Während der Bitcoin-Kurs am Wochenende bei rund 75.600 US-Dollar nahezu unverändert verharrte, zeichnen sich unter der Oberfläche massive Verschiebungen ab. Laut Daten des Analyseunternehmens Santiment haben sogenannte Whales – Adressen mit großen Bitcoin-Beständen – innerhalb von nur vier Tagen etwa 10.000 BTC im Wert von rund 750 Millionen US-Dollar erworben.

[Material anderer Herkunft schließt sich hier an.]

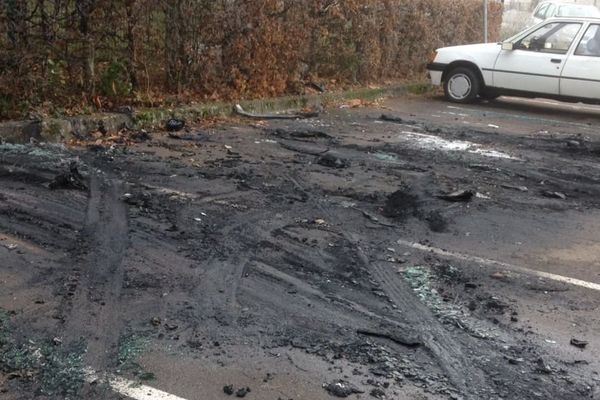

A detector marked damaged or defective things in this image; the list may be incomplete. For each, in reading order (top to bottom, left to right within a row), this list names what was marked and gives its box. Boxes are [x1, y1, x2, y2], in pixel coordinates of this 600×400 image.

Historische Akkumulationsphase
Diese kurzfristige Aktivität ist Teil eines viel größeren Musters. Die Kryptobörse Bitfinex berichtet, dass Großinvestoren in den vergangenen 30 Tagen insgesamt etwa 270.000 Bitcoin akquiriert haben. Diese Akkumulationsgeschwindigkeit gehört zu den höchsten seit 2013 und deutet auf ein strategisches Positionieren institutioneller oder vermögender Privatanleger hin, die einen bevorstehenden Marktumschwung antizipieren könnten.
Gleichzeitig erreicht die auf Börsen gelagerte Bitcoin-Menge laut Bitfinex ein historisches Tief seit Dezember 2017. Weniger verfügbare Coins auf Handelsplattformen können das Angebot verknappen und bei steigender Nachfrage preistreibend wirken.

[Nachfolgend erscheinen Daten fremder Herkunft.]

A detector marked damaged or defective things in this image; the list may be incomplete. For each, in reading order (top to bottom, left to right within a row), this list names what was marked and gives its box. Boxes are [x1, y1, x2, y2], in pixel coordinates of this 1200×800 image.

Divergenz zwischen großen und kleinen Anlegern
Besonders bemerkenswert ist der zeitliche Kontext. Die aggressive Käuferaktivität der Whales findet statt, während viele kleinere, retail-orientierte Anleger nach der jüngsten Volatilität offenbar abwartend am Rand stehen. Solche Divergenzen, bei denen große Marktteilnehmer zukaufen, während die Masse zögert, gingen in der Vergangenheit oft signifikanten Kursbewegungen voraus.

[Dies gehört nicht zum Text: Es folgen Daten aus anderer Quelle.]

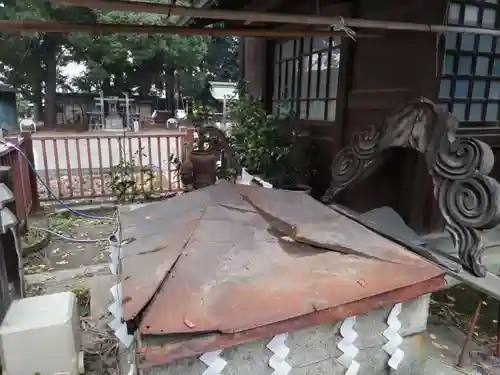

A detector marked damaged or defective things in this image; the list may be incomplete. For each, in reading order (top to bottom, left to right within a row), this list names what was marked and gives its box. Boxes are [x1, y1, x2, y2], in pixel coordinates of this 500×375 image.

Einzeltransaktionen untermauern das Bild. Die On-Chain-Analyseplattform Lookonchain verfolgte kürzlich eine Transaktion von 1.600 BTC (etwa 120 Mio. Dollar) von den Börsen Binance und BitGo in eine neue, zuvor inaktive Wallet. Solche großen Abflüsse von Handelsplattformen in private Speicher gelten typischerweise als Zeichen langfristiger Haltung, nicht kurzfristigen Handels.
Risiken und Ausblick
Trotz der bullischen On-Chain-Signale bleibt der Markt anfällig für externe Schocks. Makroökonomische Faktoren wie die Zinspolitik der US-Notenbank und regulatorische Entwicklungen, etwa die Umsetzung der MiCA-Verordnung in der EU, beeinflussen weiterhin die Stimmung.
Für Anleger im DACH-Raum ist diese Entwicklung aus mehreren Blickwinkeln relevant. Einerseits könnte eine durch Whales getriebene Rallye neue steuerliche Ereignisse generieren. Andererseits unterstreicht die massive institutionelle Akkumulation die zunehmende Reife von Bitcoin als Vermögenswert – ein Trend, den auch europäische Aufseher wie die BaFin zunehmend anerkennen.